# UD Naked Palette Different Looks



## Covergirl913 (Sep 15, 2010)

I think it would be cool to see how many different looks we can come up with using the 12 colors in this palette. I sometimes get in a rut and could use some ideas on how to get creative with this palette

Sunday I did:

1.  Toasted on the lid, Hustle in the crease, and I think Sin as the highlight  over groundwork paint pot 
	

	
	
		
		

		
			






Please add on and post pics if you would like


----------



## angelynv (Sep 17, 2010)

Makeup Geek did an amazing Kim Kardashian smokey eye look with just Hustle all over the lid, Naked in the crease to blend out and Virgin as highlight and inner corner of the eye. She then lined the lower lashes with Virgin closest to the tearduct, then Half Baked then hustle to join up the top and bottom outer corners into a lovely V shape.. So so so beautiful and so so so easy to replicate.


----------



## angelynv (Sep 17, 2010)

Also Kandee Johnson did a look using Gunmetal all over the lid over a black base used to contour the eye..


----------



## angelynv (Sep 24, 2010)

Pleeeese can people who love this pallette contribute!

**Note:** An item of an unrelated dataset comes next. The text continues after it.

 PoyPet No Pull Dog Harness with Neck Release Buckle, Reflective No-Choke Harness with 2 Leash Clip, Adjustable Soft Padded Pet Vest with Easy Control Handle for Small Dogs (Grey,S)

Would love to see all the innovative ways people are using the pallette x Great thread covergirl913 x


----------



## 0missjones (Sep 24, 2010)

A very neutral everyday look I do with this palette is

UDPP as base
Naked all over lid
Buck in crease
Smog to darken crease a little mainly in outer V
Virgin lightly for highlight
Zero eye pencil for liner

I use MAC Raizin for blush
and like MAC Viva Glam V on the lips.

You can wear this anywhere I feel.

I am curious to see looks with the darker end of the palette cuz I have not used those colors at all.


----------



## angelynv (Sep 24, 2010)

lovely! Yeah me too - the only ones I have seen are the two I mentioned.. I do love the gunmetal blue/grey colour but its really difficult to find looks using that colour..


----------



## angelynv (Sep 24, 2010)

Also I HATE sidecar! its the only colour I cant stand - soooo much glitter .. Im far too old for glitter! haha


----------



## honybr (Sep 24, 2010)

I used toasted and gunmetal together and sin as a highlight on my brow bone.  I received lots of complements.  The pink hints in toasted work with the gray in gunmetal.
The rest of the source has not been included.